How happy is that dear sister, to have seen come, little by little, and from afar, this hour of her departure! For thus she prepared herself to make it holily. Let us adore this Divine Providence, and say: Yes, you are blessed, and all that pleases you is good. My God! dearest child, how sweetly should these little events be received by our hearts: our hearts, I say, which henceforth ought to have more affection in heaven than on earth! I will pray to God for this soul, and for the consolation of those who are his.

Do not put yourself in trouble about your prayer, nor about this variety of desires which you have, for the variety of affections is not bad, nor the desire of many distinct virtues.

As to your resolutions, you may particularize them thus:—I will practise more faithfully the virtues which are necessary to me; as, for example, on such an occasion which may present itself, I am prepared to practise such a virtue; and so forth.

It is not necessary to use words, even interior ones; it suffices to excite the heart, or to repose it on our Lord; it suffices to regard amorously this Divine lover of our souls, for between lovers, eyes speak better than tongue.

I write without leisure, and in presence of the bearer. Good night, then, my dearest child; pour the death of our sister into that of our Saviour. Regard this death of our sister only in that of our Redeemer. May his will be for ever glorified! Amen.
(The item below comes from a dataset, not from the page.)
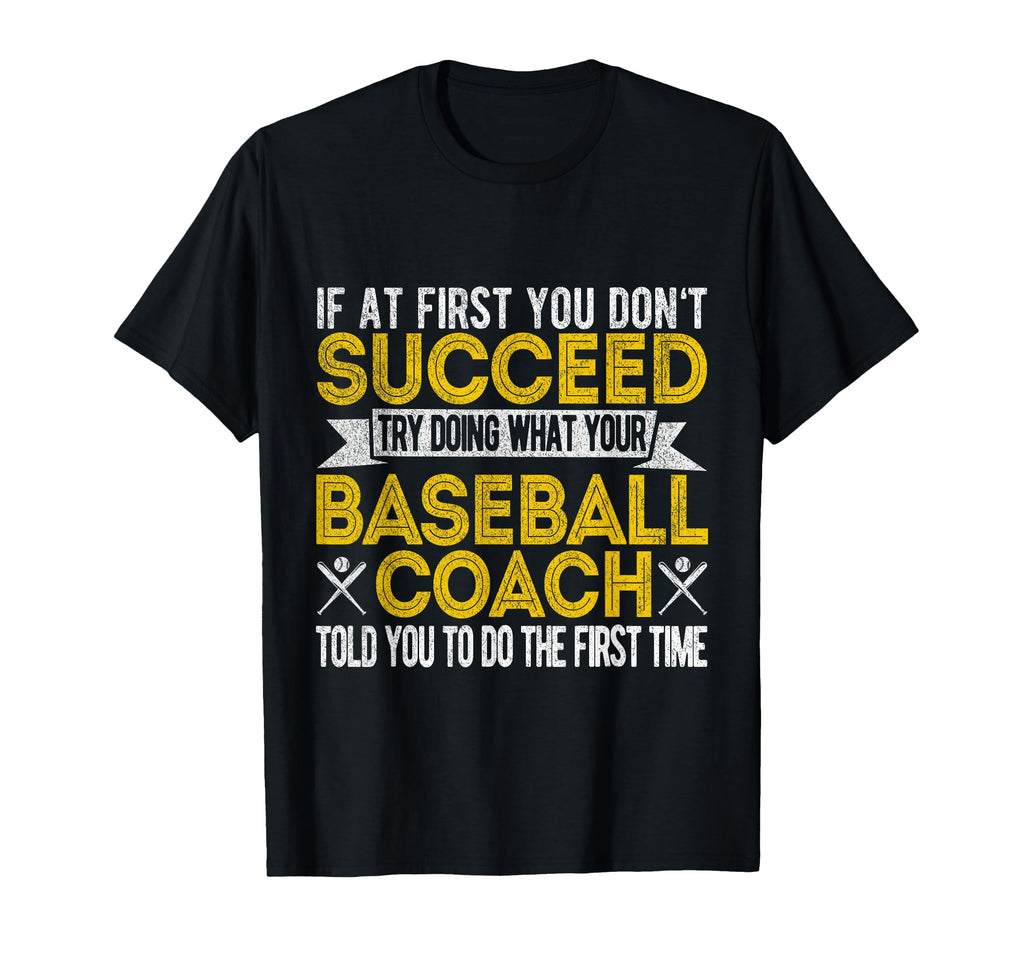 Funny Baseball Coach Baseball Team T-Shirt - Custom Art Print for Adults - T-Shirt, Sweatshirt, Hoodie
Your very humble servant, &c.

B-V/10. To a Religious of the Visitation: On want of reverence in church.

27th December, 1615.

The temptation to laugh in Church and at Office is bad, though it may seem only silly and childish; for after charity the virtue of religion is the most excellent. As charity renders to our Lord according to our power, the love which is due to him, so religion renders him due honour and reverence; and hence the faults which are committed against it are very bad. It is true that in yours I do not see great sin, as it is against the will; but yet you must not leave it without some penance. When the enemy cannot make our souls Marion, he makes our hearts Robin;[5] and it does not matter to him, provided that time is lost, the spirit dissipated, and somebody scandalized. But, look you, dear child of my heart, do not frighten these good daughters; for from one extreme they might pass to the other, which must not be.
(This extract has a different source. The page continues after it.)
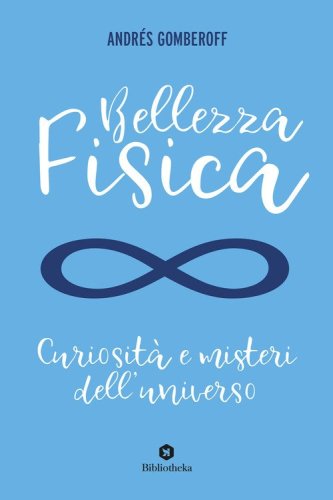 Bellezza fisica. Curiosit&agrave; e misteri dell'universo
I do not yet tell you my thoughts on the subject you write to me about, for to-day is in

Christmastide, when the angels come to seek Paradise on earth. Certainly it has descended into the little cavern of Bethlehem, in which, my dear child, I shall find you in these days with all our dear sisters, who doubtless will make their abode, like wise bees, with their little King. Those who humble themselves lowest will see him nearest; for he is lost in the very depths of humility, of courageous, confident and constant humility. May this sweet Infant be for ever, my dearest daughter, the life of your heart, which I cherish incomparably, and which is always present to mine, so long as it pleases God that my love should strengthen itself by want of exterior manifestation.

B-V/11. To a Lady: The way not to offend God in the pleasure of the chase.

Annecy, 20th June, 1610.

You see, my dearest daughter, what confidence I have in you. I have not written to you since your departure, because really I have not been able to do so; and I make you no excuse, because you are truly, and more and more, my more than most dear daughter.
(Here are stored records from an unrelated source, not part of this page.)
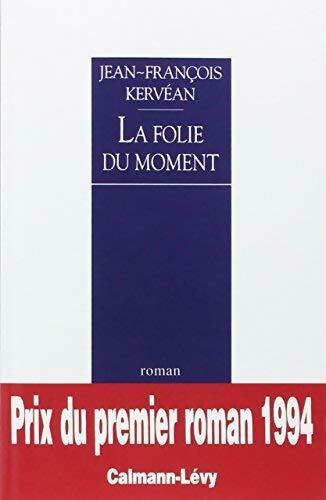 La folie du moment - Jean-François Kervéan - Livre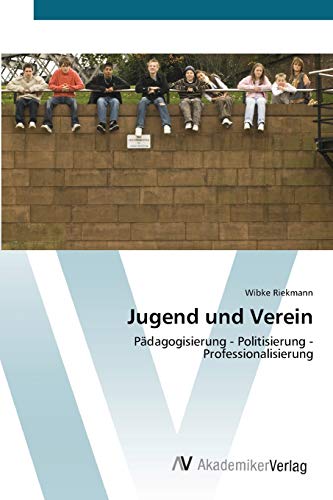 Jugend und Verein: Pädagogisierung - Politisierung - Professionalisierung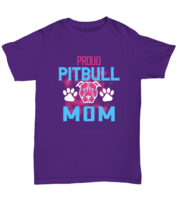 Dog Mom TShirt Proud Pitbull Mom Purple-U-Tee  - £14.31 GBP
God be praised for that your journey back has been made nicely and quietly, and that you have found your husband happy. Truly, that heavenly Providence of the heavenly Father treats with sweetness the children of his heart, and from time to time mingles favourable sweetnesses with the fruitful bitternesses which merit them.

M. Michel asked me what I wrote to M. Legrand about hunting; but, my dearest daughter, it was only a little thing in which I told him there were three laws to observe in order to avoid offending God in the chase.

1°. Not to do damage to our neighbour, it being not reasonable that any one should take his recreation at the expense of another, and specially in treading down the poor peasant, who is already martyred enough otherwise, and whose labour and condition we should not despise.

2°. Not to employ in hunting the time of the chief feasts, in which we ought to serve God: and above ail, to take care not to omit Mass on the days commanded.

2°. Not to spend too much on it, for all recreations become blameworthy when extravagant.

I do not remember the rest. In general, discretion must reign everywhere. So then, my dearest daughter, may God be ever in the midst of your heart, to unite all your affections to his holy love. Amen.

So has he, I assure you, put in my heart a most unchanging and entire affection for yours, which I cherish unceasingly, praying God to crown it with blessing. Amen, my very dear, and always more very dear, daughter.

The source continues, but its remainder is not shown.